La posverdad y las redes, ¿qué fue primero?

Con frecuencia, se nos olvida que vivimos una época en la que el respeto a la autoridad ha caído en un descrédito que es mayor o menor según las circunstancias. El origen de la autoridad es sacro, no es profano, y corresponde a las sociedades tradicionales. Todo esto se fue erosionando poco a poco. Los movimientos contestatarios, la contracultura, tuvieron su tiempo y así como surgieron desaparecieron. Pero fueron dejando semillas de ruptura contra el sistema establecido. Las sociedades de masas y el desarrollo de los medios de comunicación terminaron de trastocar el antiguo orden sacro.

Ilustración de EDELVIVES

Hoy priva entre nosotros eso que se denomina la posverdad, que como hemos indicado bien podría derivar de las expresiones de Humpty Dumpty: el sentido de las palabras no va más allá de lo que yo designo. Wikipedia nos dice del término ‘posverdad’ lo siguiente. “Posverdad o mentira emotiva es un neologismo que describe la distorsión deliberada de una realidad, con el fin de crear y modelar la opinión pública e influir en las actitudes sociales, en la que los hechos objetivos tienen menos influencia que las apelaciones a las emociones y a las creencias personales.” Aunque esta caracterización parte del supuesto que hay una realidad y esa es distorsionada, quienes asumen la posverdad ni siquiera creen que tal cosa exista. Su paraíso es el relativismo total. Pero como cualquier relativismo, resulta siempre autocontradictorio: si toda verdad es relativa, esta afirmación también lo es.

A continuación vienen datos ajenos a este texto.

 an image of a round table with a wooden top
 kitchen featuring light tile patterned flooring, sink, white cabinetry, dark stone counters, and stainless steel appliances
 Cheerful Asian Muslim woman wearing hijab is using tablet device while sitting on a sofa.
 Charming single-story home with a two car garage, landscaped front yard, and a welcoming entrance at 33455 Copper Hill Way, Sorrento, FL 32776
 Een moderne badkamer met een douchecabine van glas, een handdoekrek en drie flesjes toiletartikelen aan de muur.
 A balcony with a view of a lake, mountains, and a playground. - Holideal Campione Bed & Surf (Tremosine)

También tiene la posverdad un uso político, sobre todo en las campañas negativas, llamadas campañas de lodo, en las que solo tiene valor aquello que sirve para denostar al adversario. Han sido los populistas quienes más emplean la expresión posverdad u otras equivalentes para tratar de mostrar que cualquier forma de periodismo que no sea obsecuente con ellos, solo puede ofrecer visiones sesgadas, interesadas, malévolas o de plano falsas.

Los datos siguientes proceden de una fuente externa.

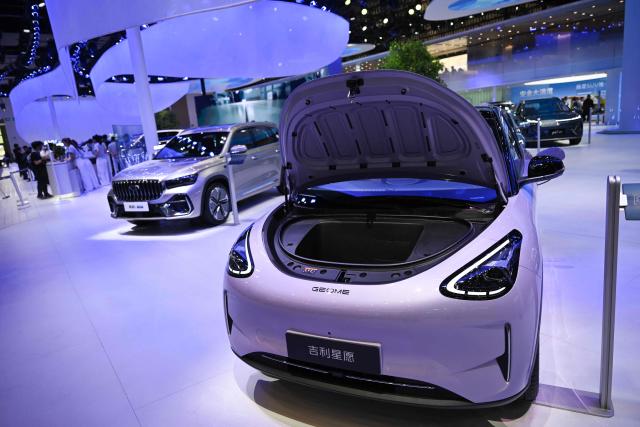 The booth of the Chinese automaker Geely is seen at the Beijing Auto Show in Beijing on April 26, 2026. (Photo by Pedro PARDO / AFP)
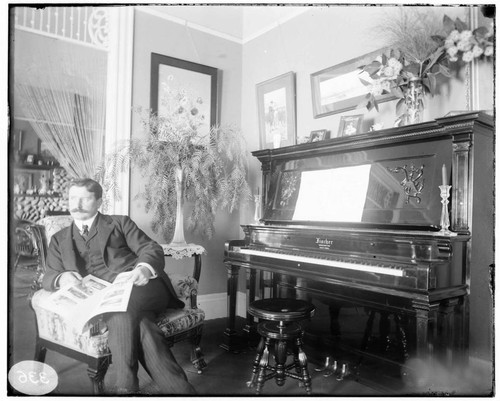 A man sitting in a chair by the Fischer piano in a house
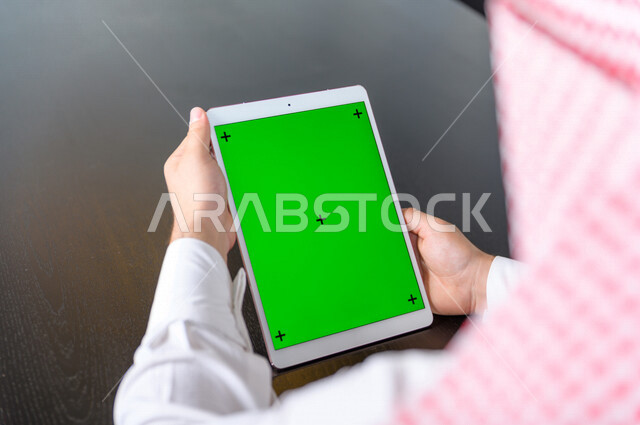 رجل أعمال سعودي خليجي يستخدام جهاز لوحي تابلت بشاشة خضراء كروما ، تقنية و حاسب ، شراء عن بعد ، التعليم عن بعد ، العاب فيديو
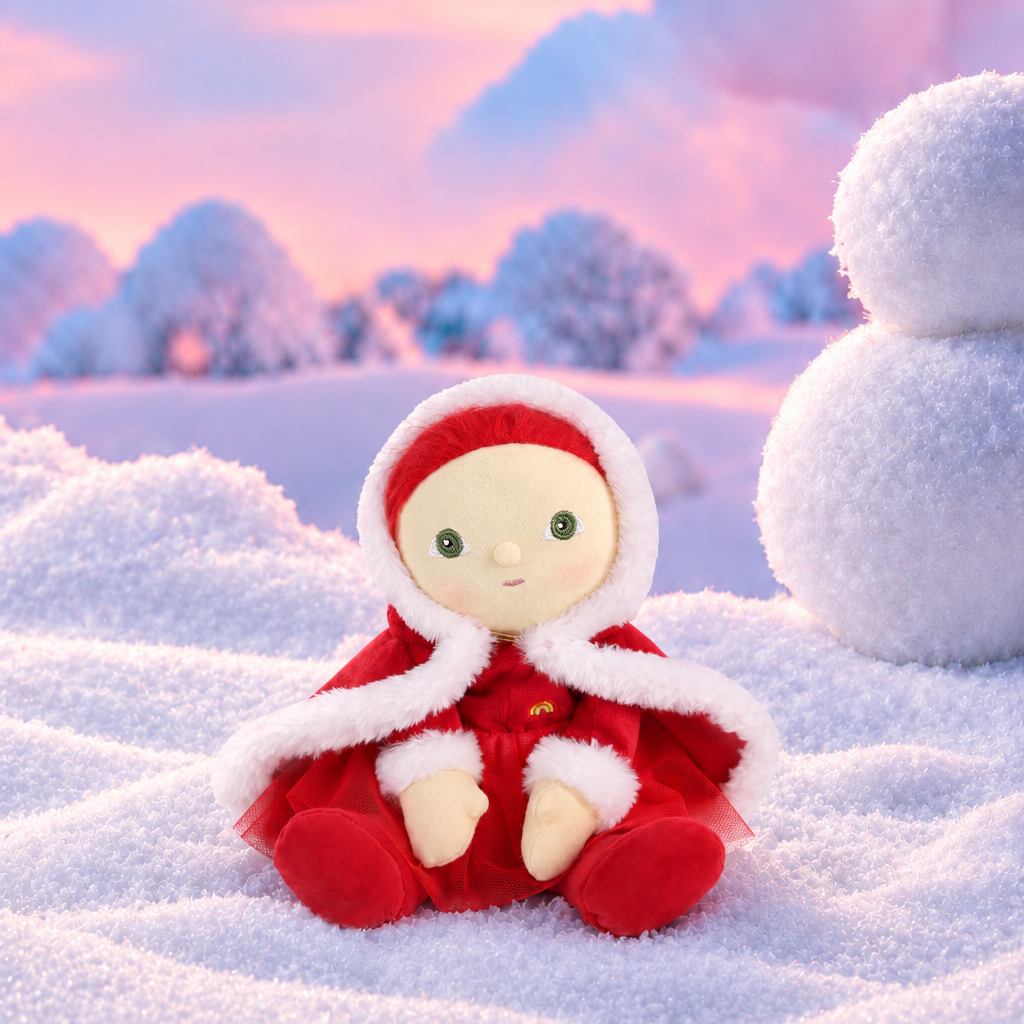 red doll with a snow and snowman background.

Al igual que en las redes, las políticas de la posverdad inventan lo que denominan narrativas, que surgen de la nada, o apelan a una modalidad de historia que les resulta conveniente. Por supuesto, no hay argumento o explicación que cuente. Los argumentos no cuentan porque ya no importa la razón sino la emoción y la convicción personal. La historia no cuenta porque, siguiendo la frase nietzscheana —no hay hechos, solo interpretaciones—, ningún dato, ningún acontecimiento tendrá relevancia; solamente lo que cada quien cree o supone.

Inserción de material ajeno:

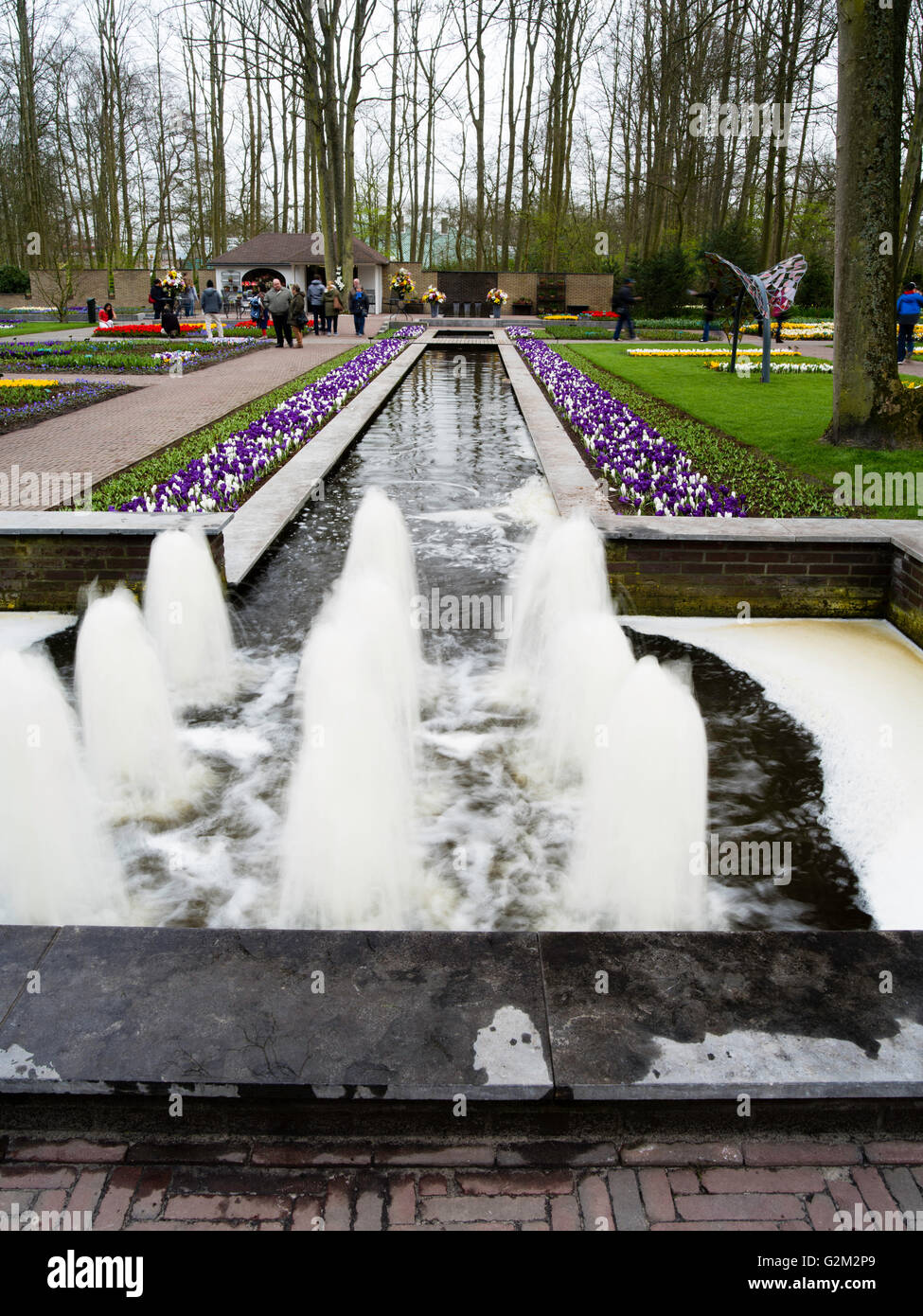 Visitors walk through and enjoy the many different flower displays at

“Por favor miénteme; necesito creerte”

Hoy es prácticamente imposible apelar a una libertad —en las redes o en las relaciones sociales— que se sujete a algún principio universal de la propia razón, porque parece dramáticamente inaccesible que las personas encuentren en sí mismas criterios para controlar sus móviles afectivos y para inhibir su impulsos en aras de una convivencia racional y comunicionalmente efectiva, como quiso alguna vez Habermas.

Por eso queda como un dilema la regulación o no regulación de las redes. Nadie quiere el control férreo de China, pero tampoco se debería aceptar el uso irresponsable que lleva a la difamación y la calumnia, a la incitación del terrorismo, de la trata de personas, de la pornografía infantil… El problema será hallar criterios fiables y generales. De ahí el énfasis en el contenido mismo de las palabras. Los que enarbolan la posverdad no son sensibles a la necesidad de criterios. Los gobernantes tampoco quieren saber de criterios, porque eso abre discusiones y los gobernantes las rechazan como la peste.

Pero justamente por todo esto, debemos volver al sentido de las palabras y respetar su significación legal, como una condición indispensable para generar criterios. No nos quedemos en la polisemia de los personajes que desorientan a Alicia en su incursión en el País de las Maravillas.